**What is being asked**
Wherever the line with "Oral‑B charcoal toothbrush" sits in the listing below, transcribe from it up to and including the line with "Korg Sp-500 manual", exactly, and leave the remaining lines out.

**Records supplied**
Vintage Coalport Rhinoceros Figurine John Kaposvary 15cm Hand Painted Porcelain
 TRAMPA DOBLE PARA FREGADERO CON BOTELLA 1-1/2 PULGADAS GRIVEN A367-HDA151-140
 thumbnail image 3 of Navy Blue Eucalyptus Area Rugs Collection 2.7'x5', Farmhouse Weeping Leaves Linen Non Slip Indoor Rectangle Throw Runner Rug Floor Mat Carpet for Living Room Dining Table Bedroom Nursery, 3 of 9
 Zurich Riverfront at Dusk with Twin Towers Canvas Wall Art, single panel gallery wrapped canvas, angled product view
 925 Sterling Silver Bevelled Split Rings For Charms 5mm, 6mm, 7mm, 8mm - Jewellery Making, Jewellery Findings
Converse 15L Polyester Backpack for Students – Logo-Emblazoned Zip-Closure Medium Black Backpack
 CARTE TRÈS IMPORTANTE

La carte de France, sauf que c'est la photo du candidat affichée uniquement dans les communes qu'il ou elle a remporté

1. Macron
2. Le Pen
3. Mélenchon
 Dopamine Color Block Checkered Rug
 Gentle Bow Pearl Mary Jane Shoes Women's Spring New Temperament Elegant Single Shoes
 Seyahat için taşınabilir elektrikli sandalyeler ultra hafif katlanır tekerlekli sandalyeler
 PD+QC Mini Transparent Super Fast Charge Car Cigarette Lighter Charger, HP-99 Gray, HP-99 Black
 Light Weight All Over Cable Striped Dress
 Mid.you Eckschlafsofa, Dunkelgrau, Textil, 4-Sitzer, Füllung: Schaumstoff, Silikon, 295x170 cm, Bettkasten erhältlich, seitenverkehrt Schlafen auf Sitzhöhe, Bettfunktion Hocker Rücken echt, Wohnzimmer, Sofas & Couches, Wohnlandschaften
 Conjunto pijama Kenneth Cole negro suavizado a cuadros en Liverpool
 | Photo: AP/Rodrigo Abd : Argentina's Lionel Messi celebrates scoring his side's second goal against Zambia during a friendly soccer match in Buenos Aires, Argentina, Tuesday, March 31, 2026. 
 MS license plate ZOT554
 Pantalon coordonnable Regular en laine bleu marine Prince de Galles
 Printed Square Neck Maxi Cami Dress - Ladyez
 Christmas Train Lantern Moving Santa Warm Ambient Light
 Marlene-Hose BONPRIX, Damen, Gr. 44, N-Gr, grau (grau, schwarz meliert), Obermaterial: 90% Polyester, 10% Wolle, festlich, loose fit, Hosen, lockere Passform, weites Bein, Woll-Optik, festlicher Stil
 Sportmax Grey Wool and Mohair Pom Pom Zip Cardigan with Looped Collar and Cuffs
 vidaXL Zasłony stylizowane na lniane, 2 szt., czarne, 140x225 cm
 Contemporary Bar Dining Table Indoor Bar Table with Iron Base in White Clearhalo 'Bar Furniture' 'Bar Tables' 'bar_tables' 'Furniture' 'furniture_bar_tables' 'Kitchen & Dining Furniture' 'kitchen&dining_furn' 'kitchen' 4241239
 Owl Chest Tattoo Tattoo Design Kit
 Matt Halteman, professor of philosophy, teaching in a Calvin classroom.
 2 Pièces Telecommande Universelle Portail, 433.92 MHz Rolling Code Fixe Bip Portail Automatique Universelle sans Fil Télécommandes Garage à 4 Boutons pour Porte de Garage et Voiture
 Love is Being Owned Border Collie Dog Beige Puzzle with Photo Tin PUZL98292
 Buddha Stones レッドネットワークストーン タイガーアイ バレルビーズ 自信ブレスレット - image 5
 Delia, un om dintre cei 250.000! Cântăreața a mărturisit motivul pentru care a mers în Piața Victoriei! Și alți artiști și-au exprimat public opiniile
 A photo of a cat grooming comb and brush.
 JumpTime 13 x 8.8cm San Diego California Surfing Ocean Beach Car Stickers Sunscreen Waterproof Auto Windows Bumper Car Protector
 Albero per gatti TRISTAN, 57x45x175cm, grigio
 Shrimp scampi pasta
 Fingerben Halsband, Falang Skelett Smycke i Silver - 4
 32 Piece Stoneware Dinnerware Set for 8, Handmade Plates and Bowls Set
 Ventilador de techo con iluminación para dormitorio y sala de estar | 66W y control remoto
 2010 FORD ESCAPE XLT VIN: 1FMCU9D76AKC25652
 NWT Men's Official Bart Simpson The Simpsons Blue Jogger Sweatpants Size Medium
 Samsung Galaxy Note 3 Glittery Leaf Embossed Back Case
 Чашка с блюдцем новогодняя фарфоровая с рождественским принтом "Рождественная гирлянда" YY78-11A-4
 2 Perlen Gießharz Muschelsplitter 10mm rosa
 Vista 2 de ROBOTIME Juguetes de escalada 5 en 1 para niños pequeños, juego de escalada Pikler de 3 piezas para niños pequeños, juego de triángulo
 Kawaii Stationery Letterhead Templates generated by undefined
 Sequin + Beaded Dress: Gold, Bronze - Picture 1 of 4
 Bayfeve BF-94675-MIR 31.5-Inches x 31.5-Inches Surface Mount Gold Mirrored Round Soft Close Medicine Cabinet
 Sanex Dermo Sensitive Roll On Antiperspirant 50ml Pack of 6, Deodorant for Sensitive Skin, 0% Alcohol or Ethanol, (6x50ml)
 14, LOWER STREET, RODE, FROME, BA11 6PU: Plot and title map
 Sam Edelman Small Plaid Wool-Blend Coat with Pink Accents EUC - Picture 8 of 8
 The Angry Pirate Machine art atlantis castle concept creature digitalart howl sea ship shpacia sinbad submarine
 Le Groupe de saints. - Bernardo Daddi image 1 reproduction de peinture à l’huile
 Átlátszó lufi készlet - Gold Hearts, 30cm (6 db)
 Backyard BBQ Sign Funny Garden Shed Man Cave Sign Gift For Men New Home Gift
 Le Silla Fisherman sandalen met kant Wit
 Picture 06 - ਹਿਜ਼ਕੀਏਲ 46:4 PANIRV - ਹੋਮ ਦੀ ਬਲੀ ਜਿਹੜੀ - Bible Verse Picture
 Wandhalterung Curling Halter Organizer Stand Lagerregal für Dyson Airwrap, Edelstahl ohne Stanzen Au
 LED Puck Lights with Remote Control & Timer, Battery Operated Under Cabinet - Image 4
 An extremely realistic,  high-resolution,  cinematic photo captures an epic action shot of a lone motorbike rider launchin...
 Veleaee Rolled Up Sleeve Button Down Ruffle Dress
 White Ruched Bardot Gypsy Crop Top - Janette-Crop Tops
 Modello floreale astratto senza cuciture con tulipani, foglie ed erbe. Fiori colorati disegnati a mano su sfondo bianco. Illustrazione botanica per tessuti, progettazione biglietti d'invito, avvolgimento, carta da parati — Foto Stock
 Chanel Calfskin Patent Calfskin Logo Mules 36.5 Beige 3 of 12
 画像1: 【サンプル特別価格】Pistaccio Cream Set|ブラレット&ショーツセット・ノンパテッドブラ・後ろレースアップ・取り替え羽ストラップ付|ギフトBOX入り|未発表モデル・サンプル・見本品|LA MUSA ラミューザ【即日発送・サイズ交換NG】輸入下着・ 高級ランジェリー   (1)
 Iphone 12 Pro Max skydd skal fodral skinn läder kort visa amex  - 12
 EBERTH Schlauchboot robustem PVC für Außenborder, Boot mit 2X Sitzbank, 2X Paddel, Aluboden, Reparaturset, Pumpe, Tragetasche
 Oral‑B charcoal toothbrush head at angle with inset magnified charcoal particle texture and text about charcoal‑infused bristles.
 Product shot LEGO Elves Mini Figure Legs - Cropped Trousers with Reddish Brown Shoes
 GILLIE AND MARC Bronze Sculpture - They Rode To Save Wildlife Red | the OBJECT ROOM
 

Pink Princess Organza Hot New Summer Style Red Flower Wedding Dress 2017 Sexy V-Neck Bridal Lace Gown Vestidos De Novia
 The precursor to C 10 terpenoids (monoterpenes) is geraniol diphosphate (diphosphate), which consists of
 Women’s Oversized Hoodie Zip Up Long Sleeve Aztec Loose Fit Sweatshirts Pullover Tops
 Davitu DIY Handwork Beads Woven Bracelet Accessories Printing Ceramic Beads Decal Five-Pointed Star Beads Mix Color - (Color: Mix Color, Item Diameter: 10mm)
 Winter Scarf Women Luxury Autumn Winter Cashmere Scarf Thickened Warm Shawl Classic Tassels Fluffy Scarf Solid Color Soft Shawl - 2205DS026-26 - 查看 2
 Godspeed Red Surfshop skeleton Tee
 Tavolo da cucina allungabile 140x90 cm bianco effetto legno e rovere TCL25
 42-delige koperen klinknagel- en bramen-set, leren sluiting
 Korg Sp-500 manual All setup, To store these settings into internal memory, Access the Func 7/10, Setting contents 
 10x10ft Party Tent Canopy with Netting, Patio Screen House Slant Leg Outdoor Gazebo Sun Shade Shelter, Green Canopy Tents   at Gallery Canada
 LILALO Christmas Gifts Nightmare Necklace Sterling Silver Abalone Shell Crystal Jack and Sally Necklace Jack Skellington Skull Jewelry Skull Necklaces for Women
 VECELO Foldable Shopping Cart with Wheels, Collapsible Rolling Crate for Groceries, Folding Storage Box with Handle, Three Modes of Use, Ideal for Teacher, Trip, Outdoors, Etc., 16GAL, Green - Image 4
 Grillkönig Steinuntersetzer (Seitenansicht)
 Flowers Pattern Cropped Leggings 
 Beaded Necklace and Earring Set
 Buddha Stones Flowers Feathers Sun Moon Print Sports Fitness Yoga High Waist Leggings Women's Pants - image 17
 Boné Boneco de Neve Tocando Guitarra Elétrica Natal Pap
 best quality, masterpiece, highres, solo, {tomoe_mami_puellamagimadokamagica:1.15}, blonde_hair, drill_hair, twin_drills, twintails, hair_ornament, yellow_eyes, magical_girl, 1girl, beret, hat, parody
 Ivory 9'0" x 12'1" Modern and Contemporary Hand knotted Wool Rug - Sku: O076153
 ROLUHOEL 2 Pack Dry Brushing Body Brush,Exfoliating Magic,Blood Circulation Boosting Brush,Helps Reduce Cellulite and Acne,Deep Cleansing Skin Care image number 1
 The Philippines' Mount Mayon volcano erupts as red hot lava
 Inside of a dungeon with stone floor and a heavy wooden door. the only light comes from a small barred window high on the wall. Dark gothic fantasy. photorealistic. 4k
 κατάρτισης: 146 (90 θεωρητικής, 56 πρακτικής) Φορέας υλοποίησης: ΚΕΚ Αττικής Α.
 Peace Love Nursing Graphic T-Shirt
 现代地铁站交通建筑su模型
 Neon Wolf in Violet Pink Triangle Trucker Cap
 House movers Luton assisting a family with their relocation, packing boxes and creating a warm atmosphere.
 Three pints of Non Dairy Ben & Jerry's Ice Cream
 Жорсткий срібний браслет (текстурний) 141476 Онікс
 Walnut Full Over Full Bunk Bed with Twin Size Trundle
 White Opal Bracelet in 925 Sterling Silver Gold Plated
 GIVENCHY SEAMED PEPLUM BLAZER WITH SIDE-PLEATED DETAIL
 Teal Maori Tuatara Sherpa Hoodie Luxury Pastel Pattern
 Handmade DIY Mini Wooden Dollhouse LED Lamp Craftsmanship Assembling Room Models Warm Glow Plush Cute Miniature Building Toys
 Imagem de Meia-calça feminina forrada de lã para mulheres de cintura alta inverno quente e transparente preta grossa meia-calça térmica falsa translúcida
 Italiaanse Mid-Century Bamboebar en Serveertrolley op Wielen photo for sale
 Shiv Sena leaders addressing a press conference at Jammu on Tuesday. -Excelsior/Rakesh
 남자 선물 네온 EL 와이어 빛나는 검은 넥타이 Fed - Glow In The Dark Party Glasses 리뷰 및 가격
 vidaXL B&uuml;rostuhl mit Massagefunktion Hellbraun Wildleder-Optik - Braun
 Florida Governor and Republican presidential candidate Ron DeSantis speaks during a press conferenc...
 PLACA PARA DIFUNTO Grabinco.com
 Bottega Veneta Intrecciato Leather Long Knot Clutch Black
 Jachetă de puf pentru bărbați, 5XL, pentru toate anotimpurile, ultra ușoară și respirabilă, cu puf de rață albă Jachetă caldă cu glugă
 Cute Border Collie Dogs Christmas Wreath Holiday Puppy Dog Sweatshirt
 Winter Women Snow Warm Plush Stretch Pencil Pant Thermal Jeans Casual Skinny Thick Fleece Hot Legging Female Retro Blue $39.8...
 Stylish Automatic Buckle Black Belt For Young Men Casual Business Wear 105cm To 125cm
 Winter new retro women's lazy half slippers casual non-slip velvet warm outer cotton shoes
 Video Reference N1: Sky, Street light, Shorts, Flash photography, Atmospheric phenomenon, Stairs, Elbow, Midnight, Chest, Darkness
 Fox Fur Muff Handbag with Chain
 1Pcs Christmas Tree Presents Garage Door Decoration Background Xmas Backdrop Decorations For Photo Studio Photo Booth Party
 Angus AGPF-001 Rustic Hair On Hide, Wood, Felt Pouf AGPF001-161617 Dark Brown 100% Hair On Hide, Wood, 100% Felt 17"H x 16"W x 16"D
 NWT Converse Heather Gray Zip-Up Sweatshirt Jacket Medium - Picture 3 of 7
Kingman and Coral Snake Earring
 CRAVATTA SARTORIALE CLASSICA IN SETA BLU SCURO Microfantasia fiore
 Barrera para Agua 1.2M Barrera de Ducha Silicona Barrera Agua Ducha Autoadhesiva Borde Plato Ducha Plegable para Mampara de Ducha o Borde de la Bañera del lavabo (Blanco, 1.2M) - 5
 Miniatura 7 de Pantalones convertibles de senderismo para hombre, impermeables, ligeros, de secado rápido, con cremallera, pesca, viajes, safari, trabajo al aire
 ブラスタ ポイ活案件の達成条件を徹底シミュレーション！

**Worked solution**
 Oral‑B charcoal toothbrush head at angle with inset magnified charcoal particle texture and text about charcoal‑infused bristles.
 Product shot LEGO Elves Mini Figure Legs - Cropped Trousers with Reddish Brown Shoes
 GILLIE AND MARC Bronze Sculpture - They Rode To Save Wildlife Red | the OBJECT ROOM
 

Pink Princess Organza Hot New Summer Style Red Flower Wedding Dress 2017 Sexy V-Neck Bridal Lace Gown Vestidos De Novia
 The precursor to C 10 terpenoids (monoterpenes) is geraniol diphosphate (diphosphate), which consists of
 Women’s Oversized Hoodie Zip Up Long Sleeve Aztec Loose Fit Sweatshirts Pullover Tops
 Davitu DIY Handwork Beads Woven Bracelet Accessories Printing Ceramic Beads Decal Five-Pointed Star Beads Mix Color - (Color: Mix Color, Item Diameter: 10mm)
 Winter Scarf Women Luxury Autumn Winter Cashmere Scarf Thickened Warm Shawl Classic Tassels Fluffy Scarf Solid Color Soft Shawl - 2205DS026-26 - 查看 2
 Godspeed Red Surfshop skeleton Tee
 Tavolo da cucina allungabile 140x90 cm bianco effetto legno e rovere TCL25
 42-delige koperen klinknagel- en bramen-set, leren sluiting
 Korg Sp-500 manual All setup, To store these settings into internal memory, Access the Func 7/10, Setting contents 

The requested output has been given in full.